Cook v JL Kier and Co [1970] 1 WLR 774
DUTY OF CARE– QUANTIFICATION OF DAMAGES
Facts
The claimant was a foreman who suffered severe brain damage when a spanner was dropped on to his head from a height whilst he was working at a site occupied by the defendant company. As a result of this, he suffered various personal injuries including sensory impairment, sexual impotence, multiple physical impairments, and a heightened risk of developing epilepsy in the future. The defendant admitted liability and the claimant was awarded damages for his loss of future earnings for a period of eight years, and an additional award of £3,000 for pain, suffering, and loss of amenity. The claimant appealed, arguing that the quantum of damages was too low.
Issues
The issue was whether the award of damages should take account of the claimant’s sexual impotence. A further issue was whether it was appropriate to award loss of earnings for only eight years given that the claimant was only 41 at the time of the trial.
Decision/Outcome
The court held that the multiplier of eight years for loss of future earnings was inadequate where the claimant was aged 41. This was increased to a multiplier of 10 years and the sum of damages for loss of future earnings was increased accordingly. Further, it was held that the award of £3,000 for loss of amenities was too low and increased this figure to £7,000. In particular, this increase was to reflect the sexual impotence which also affected the claimant’s wife (who could not claim damages in her own right for loss of consortium).
Updated 19 March 2026
This case summary accurately reflects the decision in Cook v JL Kier and Co [1970] 1 WLR 774. The case remains a valid historical authority on the quantification of damages for personal injury, particularly regarding the selection of multipliers for loss of future earnings and the assessment of general damages for pain, suffering, and loss of amenity.

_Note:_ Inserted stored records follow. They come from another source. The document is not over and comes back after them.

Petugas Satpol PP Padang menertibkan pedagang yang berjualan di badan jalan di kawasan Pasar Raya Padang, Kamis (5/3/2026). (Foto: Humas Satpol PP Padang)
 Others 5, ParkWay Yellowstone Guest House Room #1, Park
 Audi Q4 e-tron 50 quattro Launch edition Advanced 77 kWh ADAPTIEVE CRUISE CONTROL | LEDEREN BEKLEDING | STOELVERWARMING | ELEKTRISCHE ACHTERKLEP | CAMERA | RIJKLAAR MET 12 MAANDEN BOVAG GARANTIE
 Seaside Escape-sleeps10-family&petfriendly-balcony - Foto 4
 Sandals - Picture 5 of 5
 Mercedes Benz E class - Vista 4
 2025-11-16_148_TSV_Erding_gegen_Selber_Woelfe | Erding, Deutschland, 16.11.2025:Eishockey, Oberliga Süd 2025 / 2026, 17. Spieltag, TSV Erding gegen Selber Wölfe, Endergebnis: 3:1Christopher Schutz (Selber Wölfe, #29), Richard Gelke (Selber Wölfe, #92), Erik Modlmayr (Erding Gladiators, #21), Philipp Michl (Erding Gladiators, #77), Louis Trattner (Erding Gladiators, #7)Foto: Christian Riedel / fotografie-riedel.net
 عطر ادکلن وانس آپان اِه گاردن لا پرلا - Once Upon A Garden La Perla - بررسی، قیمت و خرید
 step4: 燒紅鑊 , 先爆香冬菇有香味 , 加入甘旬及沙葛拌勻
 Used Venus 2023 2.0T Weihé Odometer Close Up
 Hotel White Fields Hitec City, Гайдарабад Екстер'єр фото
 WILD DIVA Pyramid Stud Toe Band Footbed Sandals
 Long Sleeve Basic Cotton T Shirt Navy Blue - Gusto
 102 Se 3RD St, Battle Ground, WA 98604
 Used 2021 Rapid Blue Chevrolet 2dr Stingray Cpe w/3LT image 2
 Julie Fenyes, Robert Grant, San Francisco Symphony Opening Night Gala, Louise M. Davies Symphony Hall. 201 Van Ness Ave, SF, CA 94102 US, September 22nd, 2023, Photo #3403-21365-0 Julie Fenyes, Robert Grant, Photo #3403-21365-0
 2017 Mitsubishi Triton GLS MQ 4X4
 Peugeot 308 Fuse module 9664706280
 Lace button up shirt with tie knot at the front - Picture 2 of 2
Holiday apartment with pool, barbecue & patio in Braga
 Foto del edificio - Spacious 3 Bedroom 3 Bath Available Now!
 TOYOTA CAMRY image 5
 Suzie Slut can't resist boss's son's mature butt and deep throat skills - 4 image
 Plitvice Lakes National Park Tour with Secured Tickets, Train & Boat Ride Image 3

Readers should be aware of several important developments since 1970. First, the approach to calculating multipliers has been substantially refined. Following the Wells v Wells [1999] 1 AC 345 decision and the introduction of the Ogden Tables (now in their 8th edition), courts use actuarial tables and a prescribed discount rate rather than the relatively broad judicial estimates seen in cases of this era. The discount rate applicable in England and Wales is currently set at minus 0.25% under the Civil Liability Act 2018, as reviewed by the Lord Chancellor in 2019. Second, the point that a spouse cannot claim in their own right for loss of consortium (noted at the end of the summary) reflects the pre-Administration of Justice Act 1982 position; that Act abolished the action for loss of consortium entirely, so this aspect of the case is now of historical interest only. The case is therefore useful for understanding the development of damages principles but should not be relied upon for current quantification methodology.